Corriere del Veneto (Treviso e Belluno)
EROSTRATO QUEL MALE ANTICO
Nel linguaggio filosofico si chiama «eterogenesi dei fini». Nella sua formulazione tecnica, questa espressione risale a Wilhelm Wundt, autore della fine del XIX secolo, considerato da molti il padre della moderna psicologia scientifica. Ma secondo alcuni interpreti, è possibile ritrovare una anticipazione dello stesso concetto già un secolo prima, nell’opera di Giambattista Vico, o addirittura in alcune annotazioni di Nicolò Machiavelli. Chiunque ne sia stato il «padre», per eterogenesi dei fini si intende il principio secondo il quale le azioni umane possono riuscire a fini diversi da quelli che sono perseguiti dal soggetto che compie l’azione. In soldoni: io agisco perseguendo un determinato scopo, ma dalla mia azione scaturiscono conseguenze diverse (e talora perfino opposte), rispetto a quelle da me volute. La vicenda storica del personaggio denominato Erostrato può essere considerata un esempio calzante di questo principio. Anzi, se si riflette meno superficialmente su questa curiosa vicenda, si può raggiungere una conclusione più generale che è perfino sorprendente. Ma procediamo con ordine, ricapitolando i dati più significativi. Come è ormai noto, il personaggio storico al quale si ispira lo sconosciuto (almeno per ora, si spera) autore di minacce e gesti inquietanti, era un pastore di Efeso, già avanti con l’età, ossessionato dall’ansia di essere ricordato dopo la morte.

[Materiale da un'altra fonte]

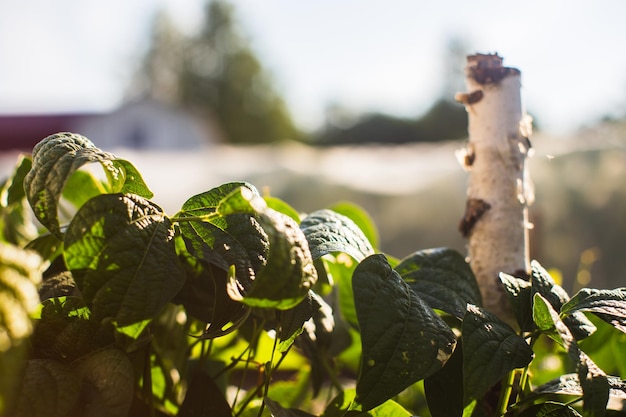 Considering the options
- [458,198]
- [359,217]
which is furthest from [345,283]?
[458,198]

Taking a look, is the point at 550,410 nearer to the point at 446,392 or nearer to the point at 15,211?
the point at 446,392

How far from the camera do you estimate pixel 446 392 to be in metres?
0.27

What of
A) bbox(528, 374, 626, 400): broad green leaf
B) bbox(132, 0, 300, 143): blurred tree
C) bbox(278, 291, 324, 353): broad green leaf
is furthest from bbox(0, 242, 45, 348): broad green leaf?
bbox(132, 0, 300, 143): blurred tree

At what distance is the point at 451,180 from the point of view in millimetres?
1351

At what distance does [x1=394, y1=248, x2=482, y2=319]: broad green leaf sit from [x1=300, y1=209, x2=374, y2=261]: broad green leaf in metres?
0.04

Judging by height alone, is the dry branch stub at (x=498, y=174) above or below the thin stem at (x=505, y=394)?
above

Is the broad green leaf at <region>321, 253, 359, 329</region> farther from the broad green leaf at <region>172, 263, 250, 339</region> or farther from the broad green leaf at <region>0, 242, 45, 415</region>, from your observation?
the broad green leaf at <region>0, 242, 45, 415</region>

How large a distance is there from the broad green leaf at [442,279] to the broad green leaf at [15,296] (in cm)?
19

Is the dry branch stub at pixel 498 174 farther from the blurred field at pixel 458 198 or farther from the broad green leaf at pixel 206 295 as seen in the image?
the blurred field at pixel 458 198

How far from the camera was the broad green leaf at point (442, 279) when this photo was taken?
30 cm

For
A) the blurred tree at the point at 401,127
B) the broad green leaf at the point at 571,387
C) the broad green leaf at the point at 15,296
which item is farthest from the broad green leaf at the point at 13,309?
the blurred tree at the point at 401,127

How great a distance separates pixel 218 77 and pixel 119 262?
49.5 ft

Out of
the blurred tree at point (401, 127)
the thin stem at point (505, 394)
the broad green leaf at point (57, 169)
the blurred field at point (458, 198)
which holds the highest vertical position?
the broad green leaf at point (57, 169)

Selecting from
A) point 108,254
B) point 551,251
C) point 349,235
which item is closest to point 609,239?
point 551,251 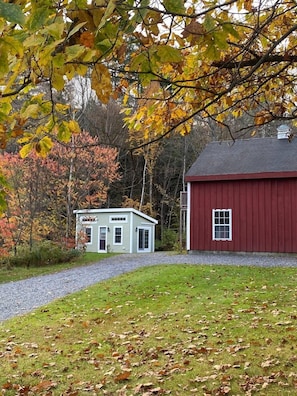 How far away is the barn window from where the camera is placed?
15828 mm

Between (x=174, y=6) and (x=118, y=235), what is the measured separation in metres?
20.6

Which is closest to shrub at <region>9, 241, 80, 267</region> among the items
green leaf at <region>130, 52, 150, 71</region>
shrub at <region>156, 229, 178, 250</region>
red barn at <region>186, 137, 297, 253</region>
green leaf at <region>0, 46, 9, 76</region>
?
red barn at <region>186, 137, 297, 253</region>

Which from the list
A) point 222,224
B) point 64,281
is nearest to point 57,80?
point 64,281

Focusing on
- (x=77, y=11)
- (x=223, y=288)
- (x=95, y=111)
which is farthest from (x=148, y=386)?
(x=95, y=111)

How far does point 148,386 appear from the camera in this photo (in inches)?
149

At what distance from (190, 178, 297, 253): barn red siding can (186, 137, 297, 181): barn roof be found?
333mm

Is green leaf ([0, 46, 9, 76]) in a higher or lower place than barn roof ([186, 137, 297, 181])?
lower

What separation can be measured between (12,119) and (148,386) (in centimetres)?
292

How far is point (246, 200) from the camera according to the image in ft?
51.1

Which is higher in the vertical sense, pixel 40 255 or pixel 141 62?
pixel 141 62

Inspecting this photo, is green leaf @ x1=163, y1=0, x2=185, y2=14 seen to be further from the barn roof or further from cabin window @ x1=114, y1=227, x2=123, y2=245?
cabin window @ x1=114, y1=227, x2=123, y2=245

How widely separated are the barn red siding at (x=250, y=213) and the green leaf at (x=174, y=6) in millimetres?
14345

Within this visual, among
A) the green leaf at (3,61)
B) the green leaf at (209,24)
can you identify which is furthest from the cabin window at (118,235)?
the green leaf at (3,61)

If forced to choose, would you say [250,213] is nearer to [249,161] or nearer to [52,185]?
[249,161] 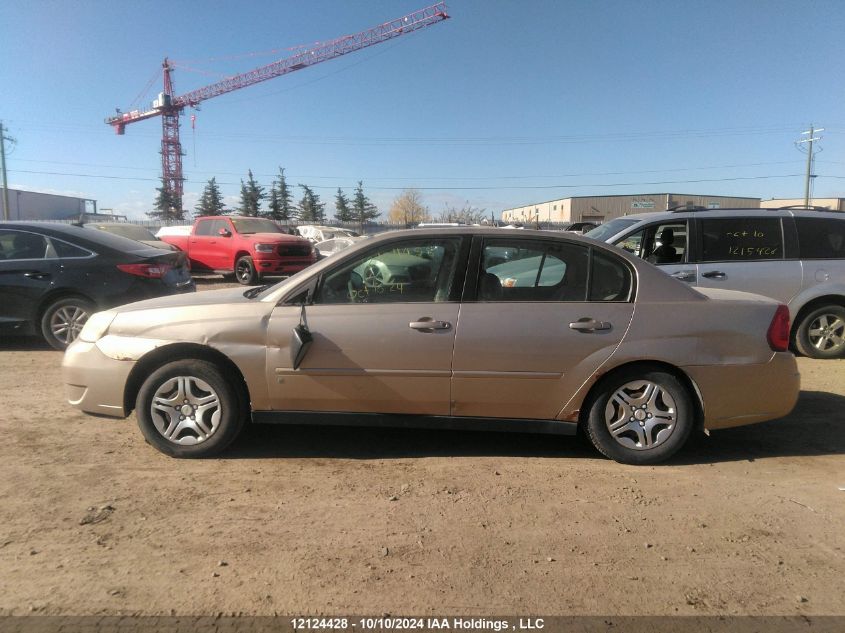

Secondo le fonti antiche, per lasciare una traccia della sua identità, nel 356 a.C. egli avrebbe incendiato il bellissimo tempio di Artemide, considerato uno delle sette meraviglie del mondo. Oltre alla condanna a morte, i governanti dell’epoca pubblicarono un editto col quale si vietava di ricordare in qualunque modo il nome del personaggio, con lo scopo di cancellarne la memoria. Ma come facilmente si può intuire – in ciò, appunto, l’eterogenesi dei fini – proprio questa condanna doveva sortire l’effetto opposto, consegnando alla storia una vicenda che, altrimenti, sarebbe stata presto dimenticata. E’ così accaduto che non soltanto Erostrato venga tuttora citato nelle ricerche di carattere storico, ma che il suo nome venga correntemente impiegato per indicare una patologia psichiatrica, detta Erostratismo, con la quale si definisce l’ansia smaniosa di protagonismo. Di per sé, il desiderio di «passare alla storia», o più in generale di essere ricordati dopo la morte, riflette una speranza che, in modi diversi, accomuna tutti gli esseri umani. E’ naturale e comprensibile che la consapevolezza di essere mortali si accompagni al desiderio di prolungare in qualche modo la propria vita, attraverso il ricordo delle generazioni successive. In fondo, questa sorta di ansia di immortalità, conseguita attraverso imprese esemplari, è alla radice di comportamenti eroici, in guerra o nella vita civile, ed è anche la fonte che alimenta tante imprese intellettuali. Ciò che nel caso dell’ignoto Erostrato bellunese colpisce, e per molti aspetti rattrista, è dover constatare che la ricerca della fama non è perseguita attraverso l’acquisizione di benemerenze nei confronti della società, ma piuttosto mediante gesti di odio e di ostilitài. Come se la conquista della notorietà sia diventato uno scopo da perseguire di per sé, anche a costo di iniziative delittuose, e non come conseguenza di un comportamento degno di encomio, e dunque per questa ragione sottratto all’oblio.
Se ne può trarre una conclusione davvero malinconica: in una società che sempre di più privilegia l’apparire, rispetto all’essere, per la quale ciò che conta è la conquista della visibilità mediatica, quali che siano le ragioni che ne sono alla base, si può ambire ad uscire dall’anonimato non illustrandosi per qualche nobile motivo, ma sforzandosi di imitare le squallide gesta di un pastore piromane.